Young Designer Succeeds Close to Urban Roots

CARL JONES grew up the son of an auto-wreck salvager in Watts. But he became successful enough at fashion design that he owned a Ferrari and 17 Harley Davidsons.

He eventually tired of designing neon-bright beachwear, though, and sold his house and everything in the garage to help bankroll another company.

The result is something more successful and closer to his urban roots: Cross Colours - a line of colorful young men's wear that is marketed with a hip-hop, antigang theme and aimed at inner-city black youth.

Almost overnight, Mr. Jones and fellow designer Thomas Walker have turned "homeboy" chic baggy jeans, baseball caps, and bomber jackets into a fashion de force. They have also launched a foundation to curb school dropouts and are exploring a new venture to bring jobs to South Central Los Angeles.

"The business we're doing today is something you know like the back of your hand," Jones says. "You know it. You feel it. At the same time, we hope to be able to help South Central L.A. - to give something back."

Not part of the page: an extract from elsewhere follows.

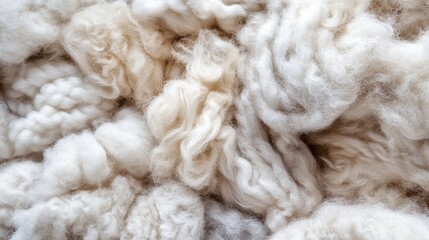 Poster - Soft Fluffy White and Cream Colored Wool Fibers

As Los Angeles searches for ways to rebuild after the worst rioting this century, everyone from preachers to politicians is looking for ideas that will work.

Carl Jones's venture typifies the kind of enterprise many analysts would like to see more of: a black-owned business and one that is interested in reinvesting in the community. His firm Solo Joint Inc., the parent company of Cross Colours, earned $15 million in sales in 1991, its first year of operation, and is projected to bring in $30 million this year, enough to put it on Black Enterprise magazine's top 100 list of industrial-service companies.

The firm's trendy line of clothing is cut from the bolt of today's urban fabric: oversized jeans, jackets, bags, belts, caps, and graffiti-emblazoned T-shirts in bold red, green, gold, and purple colors.

Although targeted at young African-American males, the clothing has transcended ethnic markets and is disappearing from men's and women's racks from New York to Tokyo.

"We want everyone to buy the clothing, like the clothing, and wear the clothing," the company president says. "But our main purpose is to design clothes that fit the African-American body and in colors that the African-American likes."

The young designer says the company gets its ideas from the "street" - ghetto living, rap music, music videos. Much of it is also apparel with a message. In its attempt to stem gang violence and promote racial unity, the company puts its epigram, "Clothing Without Prejudice," on virtually every tag. T-shirts carry Jesse Jacksonesque slogans: "Educate to Elevate," "We're All in the Same Gang."

Borrowing fashion tips from the "hood" is something Jones feels comfortable with. Although he was only 10 years old at the time of the Watts riots, the Tennessee-born designer remembers vividly growing up in hardscrabble South Central Los Angeles.

"My whole life influenced what I wanted to do," he says. "Everything I've done before this was just a stepping stone to get to here."

Jones studied fashion at a local trade school. In 1985, he jumped into the then-hot surfwear market with a line of bright beach clothes that he and Walker turned into a $20 million business. He eventually sold his interest to launch Cross Colours.

OLO Joint Inc. operates out of a two-story cinnamon brick building in the industrial heart of Los Angeles. It employs about 100 people. The garment-making is contracted out to a local firm.

The clothing company channels a portion of its spoils back into the inner city through a foundation, Common Ground, that seeks to keep youths in school and promote education.

Now Jones wants to do more. He has come up with a scheme to launch an apparel factory in the heart of South Central that would employ 800 to 2,000 workers in easily-taught sewing, cutting, dying, and other jobs. The venture would be financed with public and private money. It would handle contracts from companies across the city and perhaps the country. He hopes other manufacturers will follow.

"If we are able to pull this off," he says, "we would hope other manufacturers would set up similar types of operations."

Jones believes successful blacks cannot forget their roots.

The impulse, he says, to want to "get out, to have nothing to do with the past," has got to change. "It certainly did for me."